● **YOUR GOAL**
Below are entries; copy exactly the lines from the one with "- Afbeelding 1" through the one with "Tissue Garland Festooning", both included, and leave out the rest.
***** DATA SHOWN
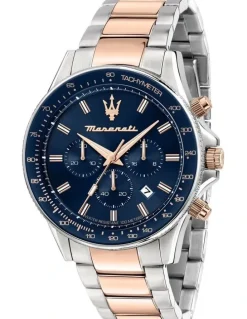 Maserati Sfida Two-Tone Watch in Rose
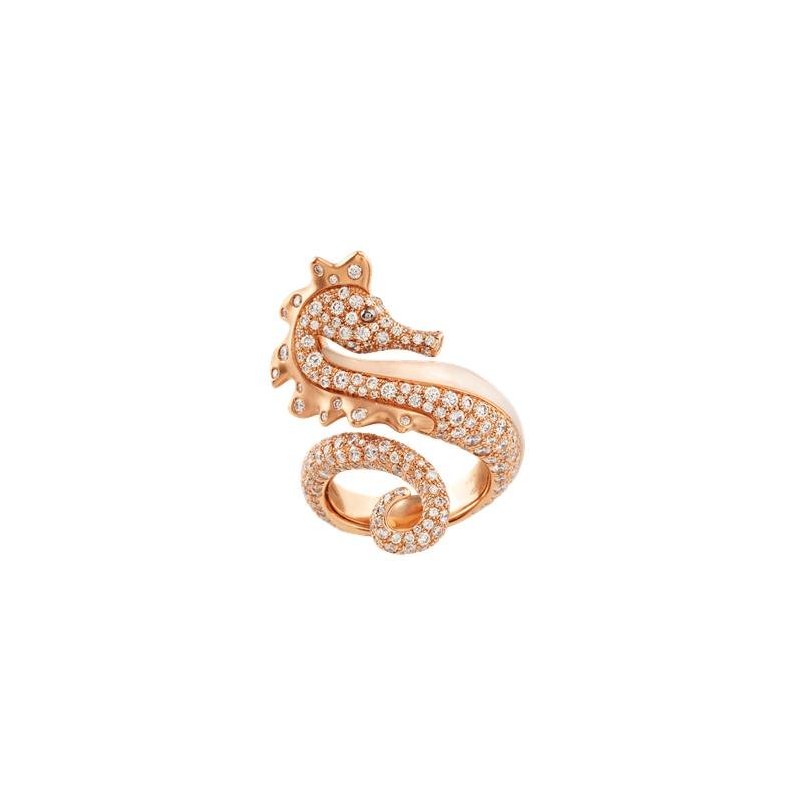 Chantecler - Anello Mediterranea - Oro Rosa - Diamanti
**********
***** DATA SHOWN
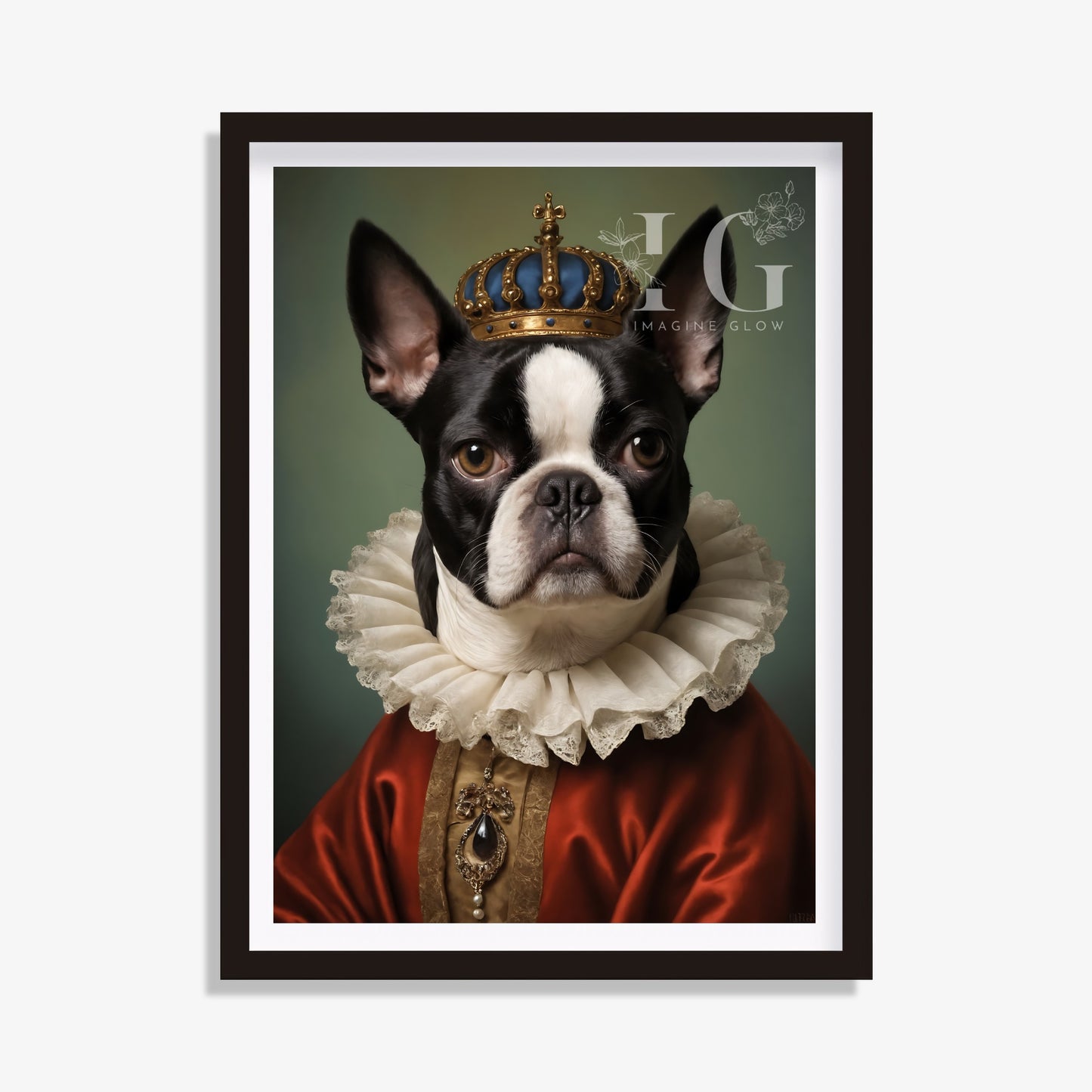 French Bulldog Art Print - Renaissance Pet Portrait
**********
***** DATA SHOWN
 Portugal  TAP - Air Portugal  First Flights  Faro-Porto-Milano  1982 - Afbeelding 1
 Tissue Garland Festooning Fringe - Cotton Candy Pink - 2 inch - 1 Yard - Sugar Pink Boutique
**********
● **COMPLETED EXERCISE**
 Portugal  TAP - Air Portugal  First Flights  Faro-Porto-Milano  1982 - Afbeelding 1
 Tissue Garland Festooning Fringe - Cotton Candy Pink - 2 inch - 1 Yard - Sugar Pink Boutique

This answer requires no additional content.